The power market in CWE towards 2030 - a perspective
Gabriele Martinelli
Electricity markets, renewables and power price modelling, from short term to Energy Transition. Head of European Power Research at LSEG Data & Analytics. PhD in Statistics
Introduction
In the coming decade the Northwestern European (NWE) power system will see unprecedented changes, as its countries rally to decarbonize by phasing out coal and transition to renewable energy sources. This is obviously good news seen from an environmental perspective, but also creates other challenging problems. Most notably, as the share of renewables increases, the amount of available supply becomes increasingly dependent on the intermittent nature of the weather, making the system more prone to periods of supply deficits. To add to the complexity, both Belgium and Germany are slated to phase out their nuclear fleets entirely, and Great Britain is significantly reducing theirs, in effect removing a large amount of reliable base load supply. To cope with these changes, substantial grid infrastructure improvements and additions are planned, creating another dimension of uncertainty regarding the future dynamics of the power system and its effect on the power market.
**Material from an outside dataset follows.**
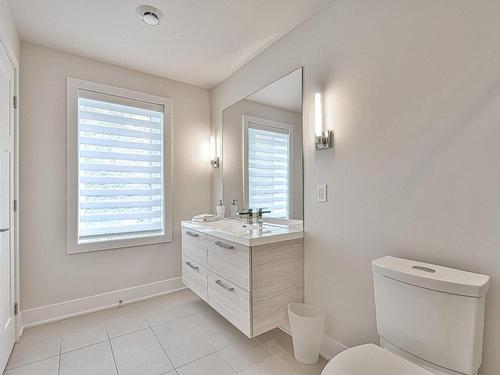 Bathroom - 41 Ch. De Tourtour, Morin-Heights, QC - Indoor Photo Showing Bathroom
To quantify the impact of the aforementioned changes, we in Refinitiv Power Research have developed a fundamental power market model, which solves the generation dispatch problem across the NWE region for 25 historical weather years. The model runs in an hourly resolution and calculates the generation of conventional power plants on a unit level, flows and power prices from now until the end of 2030. This article below focuses on Germany and discusses the results from our base case run (Run Date: 5th June 2021), which includes our best guess assumptions and uses the traded fuel prices. The consumption used in our model is the public grid demand, which excludes transmission losses and self-consumption. For full access to all the input and output data from our new model, please use our desktop platform Eikon.
Outlook
German conventional generation to decrease substantially in the coming decade
In our base case scenario, we stick to the coal phaseout timeline set by the German government, which targets 15 GW of hard coal and lignite capacity in 2023 and 8 GW of hard coal and 9 GW of lignite capacity in 2030. In between the target dates we linearly scale down the hard coal capacity, removing the least efficient plants first. The closure dates of individual lignite plants are already known and is incorporated in the forecast.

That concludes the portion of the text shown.